On Sunday, Egypt Foreign Minister, Sameh Shoukry, and his Algerian counterpart, Ramtane Lamamra, discussed the latest developments in the Libyan crisis at the Ministry’s headquarters in Cairo.
The official talks touched upon several regional issues of mutual concern, including the Libyan file, Egypt’s Foreign Ministry Spokesman, Ahmed Hafez, stated.
Shoukry stressed the importance of supporting a Libyan-Libyan solution to get out of the current crisis, underlining the need to stop any foreign interference in Libya’s domestic affairs.
The Egyptian Foreign Minister reiterated the importance of the withdrawal of foreign forces including mercenaries from Libya, to achieve the aspirations of the Libyan people for security, stability, and prosperity.

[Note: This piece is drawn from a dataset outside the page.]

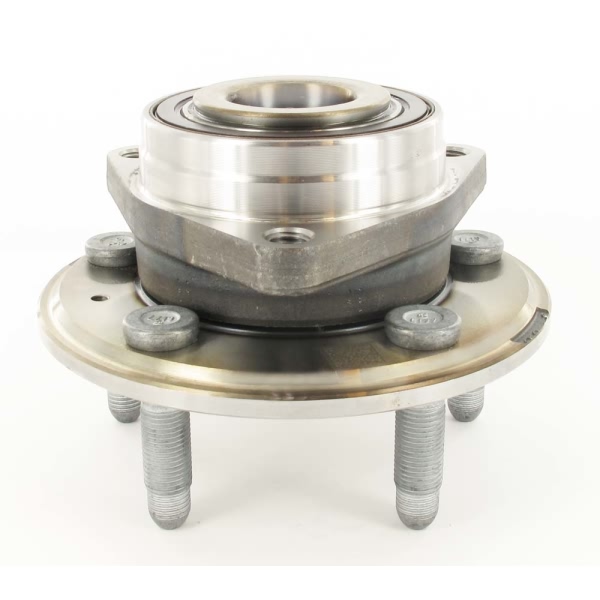 SKF Front Passenger Side Wheel Bearing And Hub Assembly BR930674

The meeting discussed ways to boost bilateral cooperation between the two countries, as well as the latest regional and international issues of common interest, Hafez tweeted.
Both sides praised the “distinguished” bilateral ties between Egypt and Algeria, underlining the need to continue cooperation and coordination efforts in various fields. They also highlighted the ambition to continue strengthening aspects of economic and investment relations between both sides during the coming period.
Hafez pointed out that they also further discussed the latest developments in Sudan, Mali, and the Sahel and Sahara region.
Concerning peacekeeping issues, the two Ministers stressed the need to intensify coordination efforts within the framework of joint African action. They said this should occur in a way that enhances efforts to achieve peace, security, and prosperity, especially in light of the various security challenges imposed by the successive developments in the region.
Libya has been engulfed in conflict since a NATO-backed uprising toppled and killed longtime leader Moammar Gaddafi in 2011. The country has emerged as the dominant transit point for migrants fleeing war and poverty in Africa and the Middle East, hoping for a better life in Europe.
Traffickers have exploited the chaos, and often pack desperate families into ill-equipped rubber or wooden boats that founder along the perilous central Mediterranean route. Thousands have drowned along the way, and thousands have been intercepted and returned to Libya.